By bioinformatics analysis and referring to the literature, the biological function associated with the differentially expressed proteins and the studies associated with these proteins are presented in Tables 1 and 2, respectively. The top 20 biological processes associated with those proteins are shown in Fig. 4A. The diseases and signal transduction pathways related to these proteins are shown in Fig. 4B and Supplementary Table 1. The results indicated that most of these proteins were associated with blood coagulation, complement activation, immune response, inflammatory response, hyaluronan metabolic process, hemostasis, cholesterol metabolism, and ion homeostasis. The protein-protein interaction networks are shown in Fig. 5A using OmicsBean database analysis. The proteins were found to be tightly networked and several important signal transduction pathways were enriched. The pathways enriched in the network are agreed well with the results of DAVID analysis (Fig. 4B, Supplementary Table 1), suggesting that these processes may play important roles in the pathophysiology of AD. In addition, with online tool LENS, network generated with the differentially expressed proteins as candidates and AD related genes (Alzheimer’s disease KEGG disease) listed in LENS as target genes, including amyloid beta (A4) precursor protein (APP), apolipoprotein E (APOE), presenilin 1 (PSEN1), and presenilin 2 (PSEN2). As shown in Fig. 5B, except for AFM, all of the proteins were enriched in the interaction networks. Interestingly, the APP gene was enriched in the center of networks, and seven proteins (APOA1, CLU, FBLN1, GSN, S100A8, SEPINA3, and SERPING1) were directly connected with it, supporting the opinion that APP plays a critical role in AD pathogenesis.

DISCUSSION

In this study, we successfully identified multiple differentially expressed proteins between AD patients and healthy subjects. Most of them have already been reported as candidate biomarkers for AD in previous studies being strongly associated with the pathophysiology of AD [24, 25]. Interestingly, 16 differentially expressed proteins reported in this study are consistent with the recently identified potential biomarkers among the MCI, AD, and healthy subjects [9, 10], using the same technique (i.e., iTRAQ analysis). These proteins include APOA1, APOB, AZGP1, CFB, CP, FGA, FGB, FGG, FN1, GSN, ITIH1, ITIH2, ITIH4, SERPING1, and SERPINA3. To our knowledge, this is the first report of AZGP1, PPBP, S100A8, S100A9, and THBS1 downregulation while FBLN1 upregulation in the serums of AD patients. It is worth noting that the peptides associated with 11 proteins, including APOA1, CP, FGB, HP, ITIH1, ITIH2, ITIH4, SERPINA1, SERPINA3, S100A8, and S100A9, were observed to be significantly increased in urine of AD patients compared to the controls in our other study (unpublished data), implicating that the “degradation” of these proteins may be increased in AD patients. It is important to further investigate the potential relation between the protein levels decreased in serums and peptide numbers increased in urine.

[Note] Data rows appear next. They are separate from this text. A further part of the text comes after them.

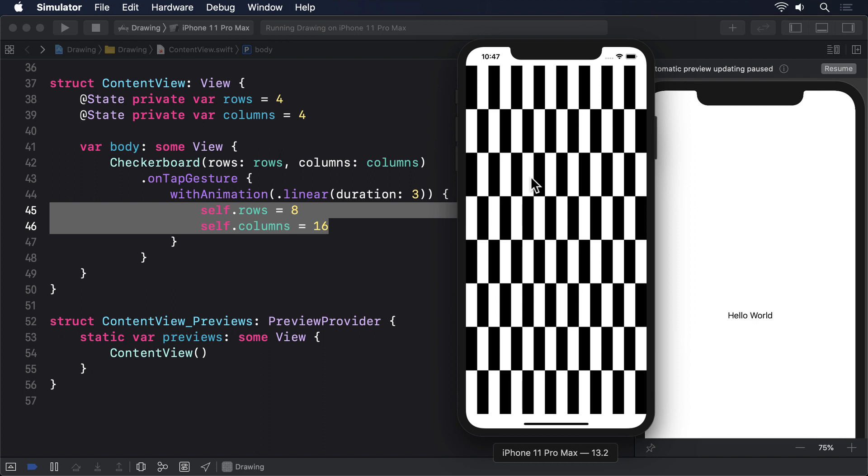As with simpler shapes, the solution is to implement an animatable data property that will be set with intermediate values as the animation progresses. Here though, there are two catches: first, we have two properties we want to animate, not one; and second, our row and column properties are integers, and SwiftUI can't interpolate integers. To resolve the first problem, we use a new type called AnimatablePair — as its name suggests, this contains a pair of animatable values, and because both values can be animated, the AnimatablePair can itself be animated. We can read individual values from the pair using .first and .second.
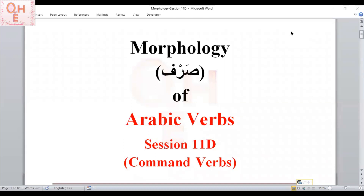As-Salaamu Alaikum, welcome to QHE channel. In this series of videos, alhamdulillah, we are learning regarding simple Arabic verbs. This particular session, session 11D, should be our last session for common verbs. So let's begin, inshallah.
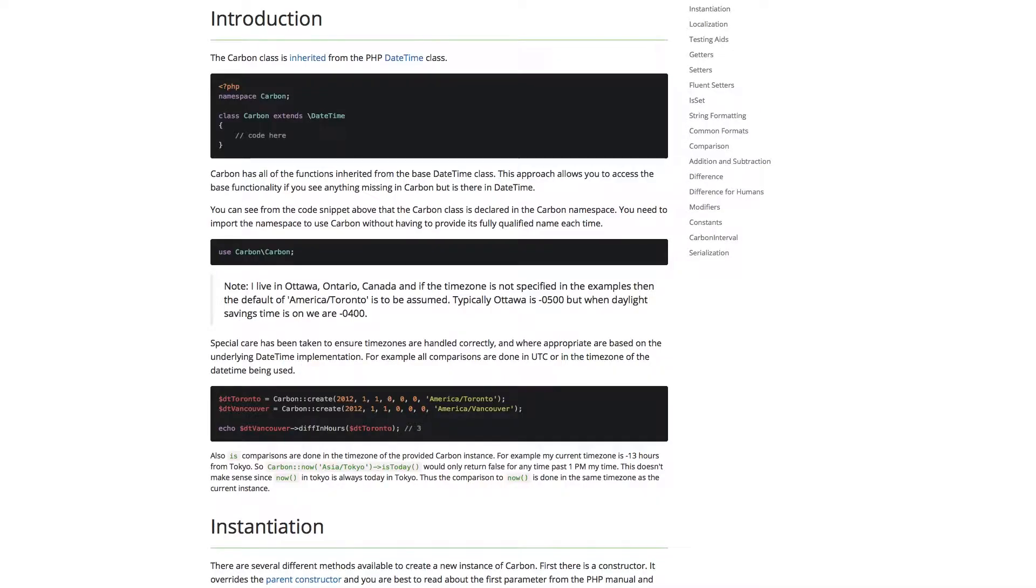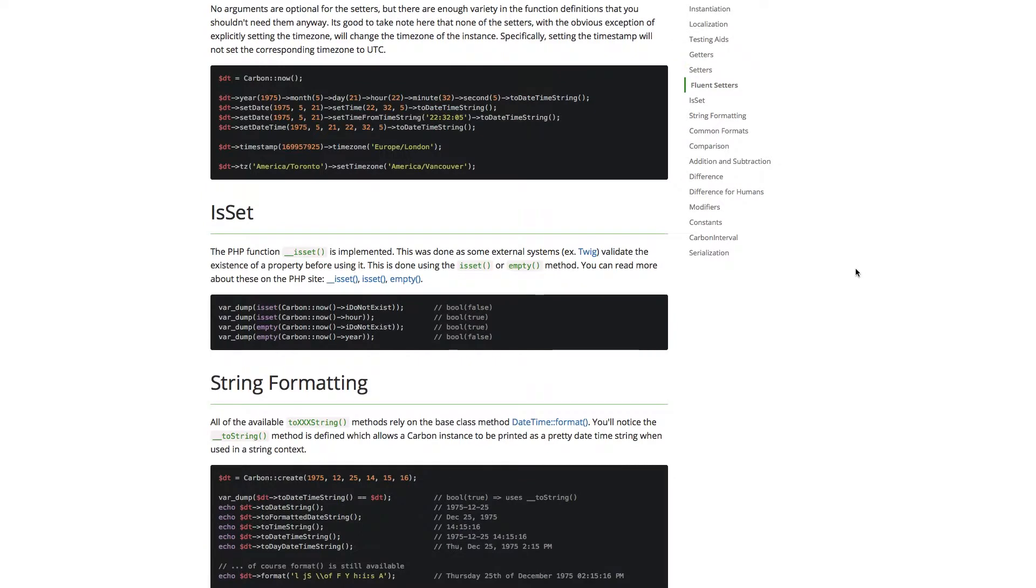Carbon is a PHP library that extends the native date-time interface and makes working with date-time objects much more intuitive. Carbon adds a ton of additional functionality and convenience methods such as fluent setters, which you can chain together when manipulating a date-time object.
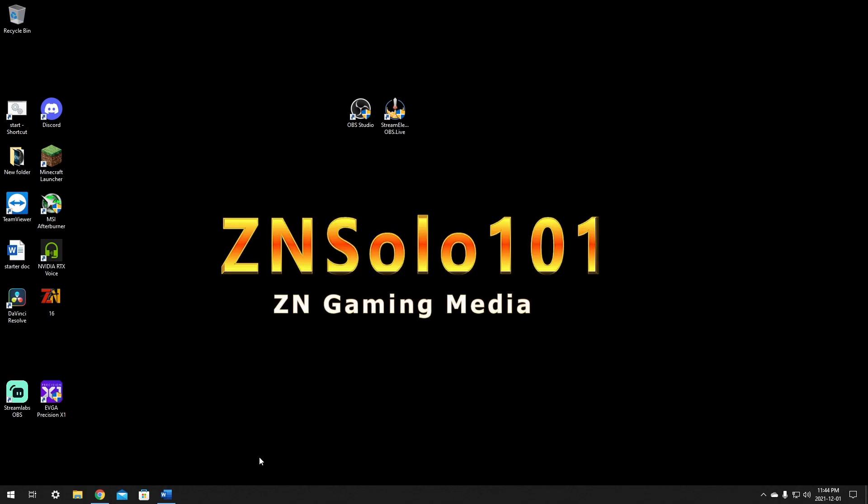So it does require you to have a second Twitch account. First one is by downloading StreamElements OBS.Live. But OBS Live is just an OBS plugin so you'll be able to use it right from your OBS.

Substantial evidence supports that inflammation plays a critical role in the pathogenesis of AD [17]. Here, 10 proteins were found involved in the inflammatory process. These proteins include CFB, CLU, FN1, ITIH4, S100A8, S100A9, SERPINA1, SERPINA3, SERPING1, and THBS1. Among them, SERPINA1 and SERPINA3 have been found to be associated with AD and localized in neurofibrillary tangles and senile plaques [26]. The levels of SERPINA1 were significantly increased in AD blood as reported previously [20 , 27–33], but no significant change was also reported in other studies [34 –39]. In the present study, its level was lower in AD patients. Thus, more studies are required to validate the level change of SERPINA1 in AD. SERPINA3 is a protease inhibitor and an acute phase reactant. It is increasingly produced by reactive astrocytes in response to large amounts of the proinflammatory cytokine interleukin (IL)-1 secreted by reactive microglia in the AD brain [40]. This protein has been indicated to influence phosphorylation of tau protein and apoptosis in neuronal cells [41]. Several reports showed increased concentrations of SERPINA3 in the CSF and blood of AD patients [35–38 , 42–49], while other reports showed no significant change [20 , 50–52]. Our results indicated that SERPINA3 levels were decreased in AD serums. Gene polymorphism may contribute to the different levels of SERPINA3 in different reports [53].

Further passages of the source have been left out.